Die Gründe, die in der Rechtsprechung des BSG zu den sogenannten Vorpraktika dazu geführt haben, ihren Ausbildungscharakter unter bestimmten Voraussetzungen auch dann anzuerkennen, wenn ein solches Vorpraktikum nach der Ausbildungsordnung nicht vorgeschrieben ist (BSGE 62, 239, 241f = SozR 5870 § 2 Nr 53), müssen für den von der Universität Hamburg vorgeschriebenen oder dringend empfohlenen Auslandsaufenthalt wegen der ähnlichen Interessenlage ebenfalls gelten. Nach den Tatsachenfeststellungen des LSG diente der Aufenthalt der Tochter des Klägers im englischen Sprachgebiet der Erlangung berufsspezifischer Kenntnisse und war von theoretischem Unterricht begleitet, war also nicht in die freie Gestaltung der Tochter des Klägers gestellt. Nach der vom LSG festgestellten tatsächlichen Handhabung der Bestimmungen - mag diese rechtmäßig oder unrechtmäßig sein - wird diese Art der Vervollkommnung der Sprachkenntnisse zwar nur für die Dauer von drei Monaten verlangt, für die übrige Zeit bis zu einem Jahr aber dringend empfohlen. Wenn ein Student einer solchen dringenden Empfehlung folgt, so kann es den Ausbildungscharakter des Auslandsaufenthalts nicht beeinträchtigen, wenn er für die Vervollkommnung seiner Sprachkenntnisse mehr tut als unbedingt erforderlich. Das LSG ist daher zutreffend davon ausgegangen, daß der Auslandsaufenthalt von 12 Monaten für das Studium der Tochter des Klägers nicht nur lediglich nützlich, sondern eine wichtige Phase war und die empfohlene Dauer von 12 Monaten nicht überschritt.

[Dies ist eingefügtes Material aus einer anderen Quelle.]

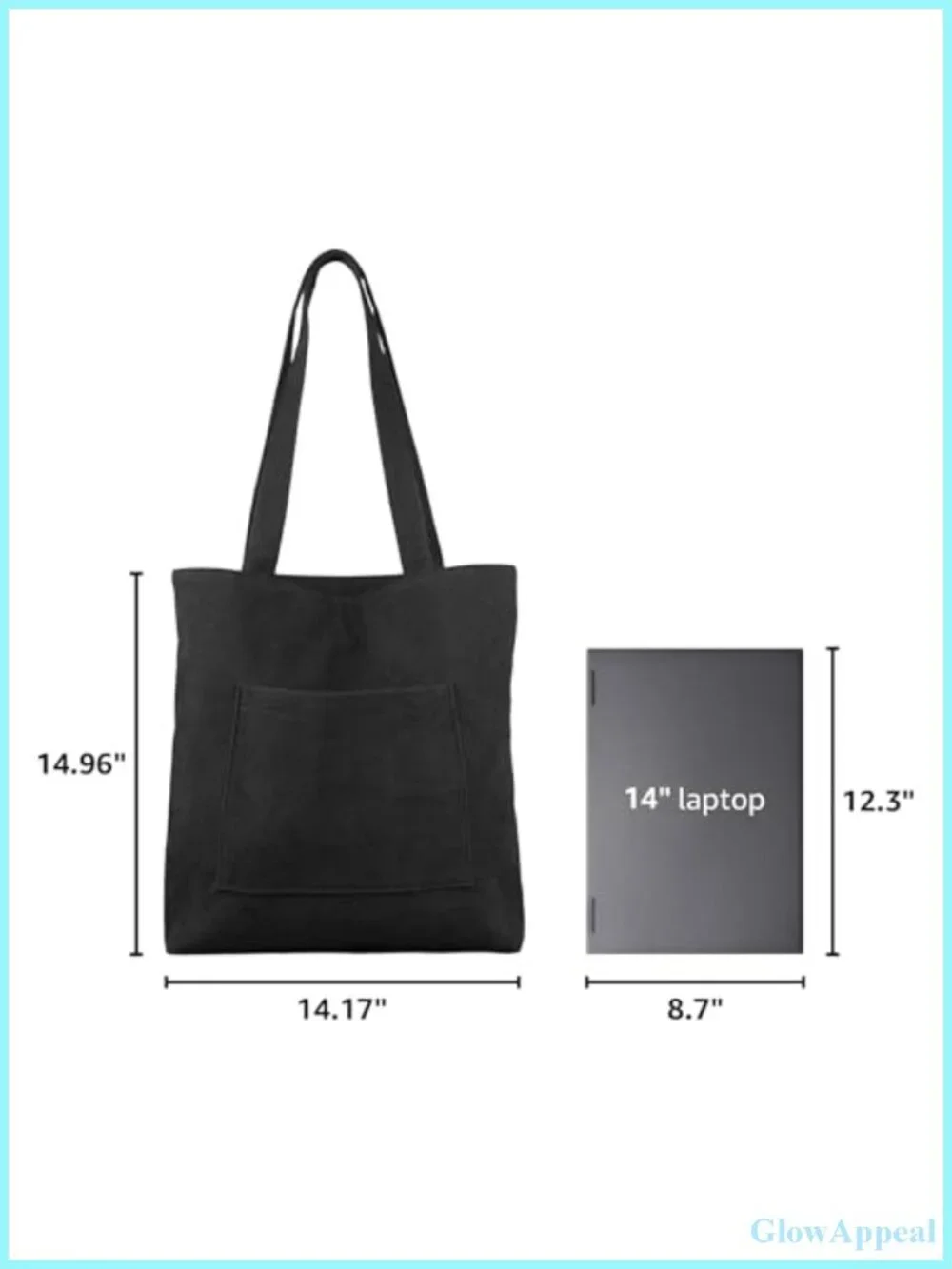 Corduroy Tote Bag with Zip, Shoulder Bag Women's Hobos Large Capacity Shopping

Zwar wird den Studierenden nach den Feststellungen des LSG geraten, die wichtige Phase der Auslandserfahrung zwischen Eingangs- und Hauptphase einzuplanen. Gleichwohl handelt es sich um einen Teil der Universitätsausbildung, wenn er der Eingangsphase vorausgeht, aber von der Universität so behandelt und anerkannt wird, als wenn er zwischen Eingangs- und Hauptphase durchgeführt worden wäre. Das ist nach den Feststellungen des LSG aber der Fall. Zwar steht vor der Immatrikulation noch nicht fest, ob es zu der angestrebten Universitätsausbildung kommt. Wird ein Kind aber immatrikuliert und erkennt die Universität den früheren Auslandsaufenthalt so an, als wäre er nach der Immatrikulation in der vorgeschriebenen oder dringend empfohlenen Art und Zeit durchgeführt worden, so kann er auch im Rahmen des § 2 BKGG nicht anders behandelt werden.
Die Rüge der Beklagten, das LSG hätte noch Beweis darüber erheben müssen, ob der Tochter des Klägers während ihres Englandaufenthaltes aus dem Ausbildungsverhältnis Bruttobezüge in Höhe von wenigstens 750,- DM zugestanden hätten, ist nicht begründet. Insbesondere brauchte das LSG die vom Kläger in seinem Widerspruchsschreiben angebotene Bescheinigung der Gasteltern über freie Unterkunft und Verpflegung sowie über das gezahlte Taschengeld nicht beizuziehen. Das LSG konnte insoweit von den Angaben des Klägers ausgehen, denn weder aus dem Vortrag der Beklagten noch aus den Akten ergaben sich Anhaltspunkte dafür, daß diese unrichtig waren. Die gewährten Sachbezüge sind mit monatlich 510,- DM für das Jahr 1986 anzusetzen, weil insoweit die Sachbezugsverordnung vom 20. Dezember 1985 (BGBl I,2556) anzuwenden ist (vgl Urteil des erkennenden Senats vom 7. September 1988 - 10 RKg 5/87 -). Unter Berücksichtigung des Taschengeldes, das monatlich nicht mehr als umgerechnet 54,- DM betrug, ergab sich eine Ausbildungsvergütung von nicht mehr als 750,- DM monatlich.
Die Revision der Beklagten konnte danach keinen Erfolg haben. Die Kostenentscheidung beruht auf § 193 SGG.